でも、このやり方、本当に実現できるのでしょうか。パターンの特徴の組み合わせは膨大な数になりますから、個々のパターンにクラスのラベルを割り当てる作業には膨大な時間がかかります。記憶容量だって必要です。「前処理部:パターン化の方法は重要」のところで、数字「2」のパターン化に$10 \times 10$のメッシュを使いました。特徴の組み合わせは$2^{100}$通りありますから、全てのパターンを識別辞書に格納することは現実的ではありません。
そこで、代表的なお手本となるパターンだけ格納しておきます。つまり、そのクラスに属するパターンの典型例となる特徴の組み合わせを記憶しておくわけです。このようなパターンを、プロトタイプといいます。クラスは$m$種類あって、それぞれ$\omega_1$、$\omega_2$、$...$、$\omega_m$と表します。プロトタイプは各クラスに一つずつ用意されたとして、図1のように${\mathbb p_1}$、${\mathbb p_2}$、$...$、${\mathbb p_m}$とします。特徴空間上で近接しているパターン同士はその特徴が似ているという意味ですから、同じクラスに属すると考えてよいでしょう。
図1:特徴空間上のクラスとプロトタイプ
さて、識別したいパターンの特徴ベクトルが${\mathbb x}$だったとして、この${\mathbb x}$がどのクラスに識別されるか判定するのが識別部の役割です。${\mathbb x}$と${\mathbb p_i}$との距離の近いクラス$\omega_i$に識別する方法(最近傍法)などがありますが、これは後に詳しく説明します。
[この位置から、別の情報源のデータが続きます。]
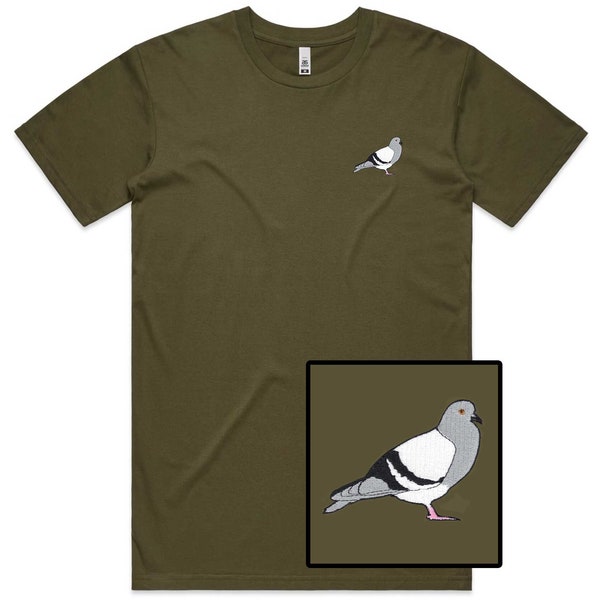 Pigeon Embroidered T-Shirt | Available in 10 colours | 100% Cotton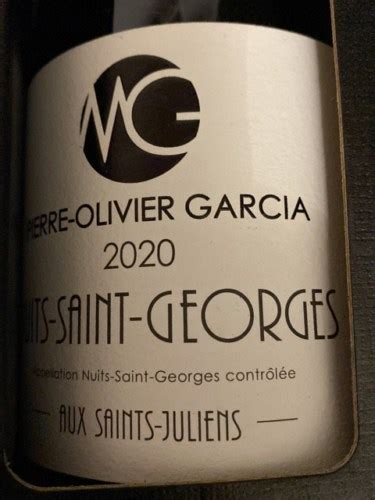 Domaine Pierre Olivier Garcia Nuits Saint George Aux Saint Juliens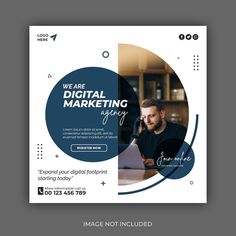 a blue and white flyer for a digital marketing company with a man talking on the phone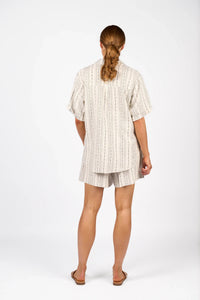 KNEWE Label women's K5079 Infinity Shirt in Stripe - close-up fabric detail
もう一つ、重要な問題があります。それは、プロトタイプをどう決めたらよいかということです。プロトタイプは、代表的なお手本となるパターンと書きました。手書き文字ならば、習字の先生が書いた模範がお手本になるかも知れません。しかし、文字認識ではどの人が書いた「あ」でも、「あ」と認識されるのが重要であり、美しさは必要ありません。そのため、通常は多くの人が書いた文字の平均(あるいは重心)をお手本とします。